Bárbara Tyler, por ejemplo. Bárbara aún no había cumplido los cuarenta y en sus ojos se podían leer ya todas esas cosas que ha experimentado únicamente esa clase de mujer que tiene el arte de la concentración. Ya saben, ese tipo de chica que es capaz de vivir un par de siglos en menos de cuatro semanas. Bárbara era atractiva, millonaria y viuda --por ese orden-- y, precisamente, porque una cosa la había ido llevando a la otra. Le gustaba resolver los problemas de dos en dos. En medio del funeral de su anciano marido contrató a un par de cirujanos plásticos de mucho prestigio --amigos del muerto-- para que le quitaran un puñado de años de encima. Mientras dos docenas de cadetes procedentes de la academia de West Point tocaban “Dios salve a América” en honor de aquel fiambre ex-millonario, su viuda ultimaba detalles en relación con la calidad de la silicona que le iban a implantar. Acababa de perder al marido por culpa de un infarto de miocardio, que ella misma le había provocado al pasarse de rosca con un beso de tornillo. Los médicos esteticistas quedaron tan satisfechos de su trabajo en el cuerpo de la Tyler que, después de darle el alta, se le ofrecieron personalmente como guardaespaldas. Para proteger la propia obra, dijeron. Bárbara los rechazó. Sabía que cada vez que le apeteciera lo que suele venir en las películas después de la última copa de champán, ella tendría a su disposición una legión de jovencitos bien armados; muchachos con ganas de esa clase de guerra cuerpo a cuerpo que se salda con la derrota gozosa de ambos ejércitos en un campo de batalla cuyo suelo son unas sábanas de seda. De Bárbara Tyler me contaron que una vez en el Batton Rouge, por esas casualidades que hacen cruzarse una sola vez en la vida a un Rolls Royce amarillo con un serpa tibetano, alguien la escuchó decir:
-“A partir del medio siglo los hombres se vuelven demasiado frágiles.

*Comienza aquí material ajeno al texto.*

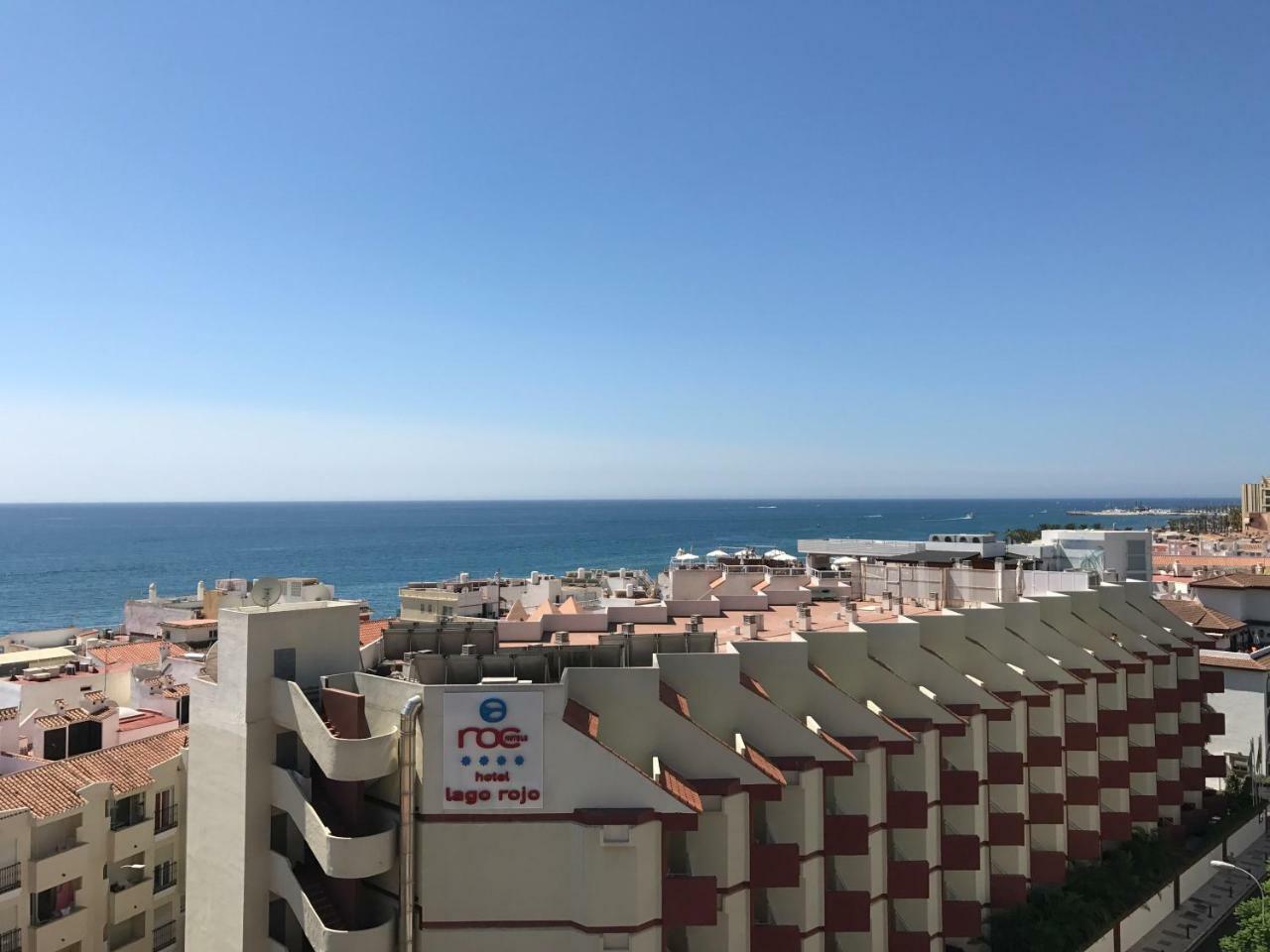 Palm Beach 7Th - La Carihuela Torremolinos Exteriér fotografie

Apenas soportan que una mujer los agite un rato dentro de la coctelera. A estas alturas de mi vida, lo único interesante que puedo esperar de cualquier tipo que no sea joven es que me dedique por escrito el contenido de su testamento. Si prefiero a los veinteañeros es porque la edad convierte a los hombres en bultos. Mi último marido, sin ir más lejos, se sentaba en el salón para ver un partido de fútbol en la tele y ya no había manera de distinguir dónde acababa la piel del sofá y dónde empezaba la de su culo.”

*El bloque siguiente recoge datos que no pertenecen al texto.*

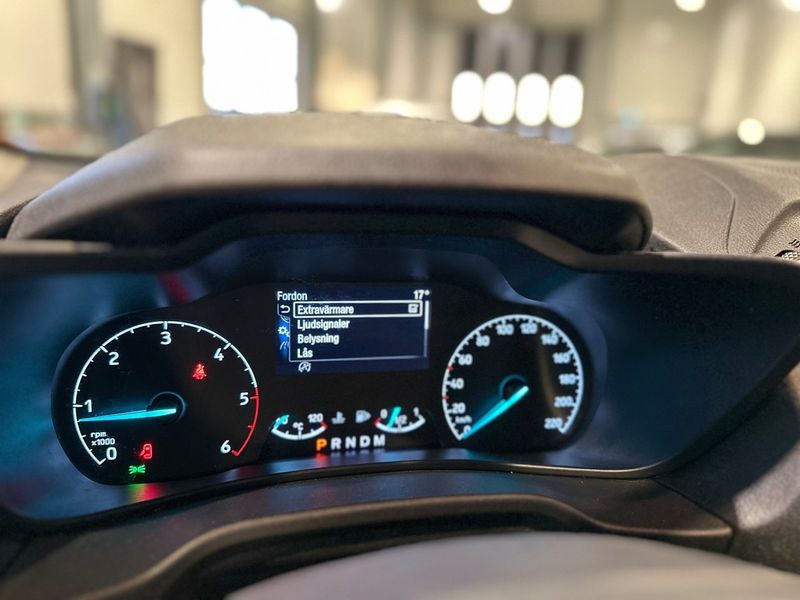 Ford Transit Connect bild 10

Rossy Sedanke, en cambio, era una finlandesa de Turku que tenía el atractivo abismal de las diosas paganas. Bailar con ella un fox-trot era como tocar el cielo con las yemas de los dedos de los pies. Una cita con aquella chica de ámbar báltico encerraba mayor peligro que atracar la caja del Pentágono el día de pago a los generales del Alto Estado Mayor. Bobby La Cava --un matón a sueldo que enfriaba sus güisquis con pólvora congelada-- invitó a cenar a Rossy una noche y se acabó ahorrando el pago de la elevadísima factura en el restaurante porque no llegó vivo al segundo plato. Murió de un disparo que su asesino le hizo a la gabardina de Bobby creyendo que él estaba dentro. La separación entre aquel rufián y su prenda para protegerse de la lluvia no le sirvió de nada a la hora de conservar la vida. Como el escote de la Sedanke se daba un cierto aire al cráter de los volcanes que hay en la isla de Java, el forense se hartó de mirar dentro y luego echó un vistazo desganado al cadáver de Bobby antes de decir:
-“El disparo a la gabardina no ha interesado a ningún órgano vital pero el agujero en la tela se le ha complicado a la víctima con un beso que le estaba dando su compañera de mesa. La mezcla de ambas cosas es la que ha resultado mortal de necesidad”
Cathy Mc Guire no era guapa pero le sentaban fantásticamente los vestidos cortos y ajustados. Se movía con tanta soltura dentro de ellos que a los semáforos se le ponían los ojos rojos cuando la veían venir desde lejos. Cathy era una mujer capaz de mostrar confianza en sí misma, incluso colgando de la cuerda de un patíbulo. Ya saben, todo lo contrario de ciertas chicas de ahora que a decidirse entre pedir un agua mineral o una Coca Cola ellas lo llaman “enfrentarse a una angustiosa alternativa vital”. Linda Savanah, sin embargo, era exhibicionista y desconfiada. Una vez le preguntaron unos encuestadores qué opinaba del divorcio y antes de responderles les pidió tiempo muerto para consultar la respuesta con su abogado. Resultaba tan llamativa que sus escapadas del hogar eran, en realidad, entradas triunfales en la calle. Le sobraba el dinero pero no perdonaba ni las vueltas de una limosna. Controlaba tanto los gastos personales que sus manos ajustaban cuentas entre sí antes de hacerse mutuamente la manicura. Pedirle un favor a Linda sin un fajo de billetes de por medio resultaba tan absurdo como pretender hacer una hoguera con dos paletadas de nieve.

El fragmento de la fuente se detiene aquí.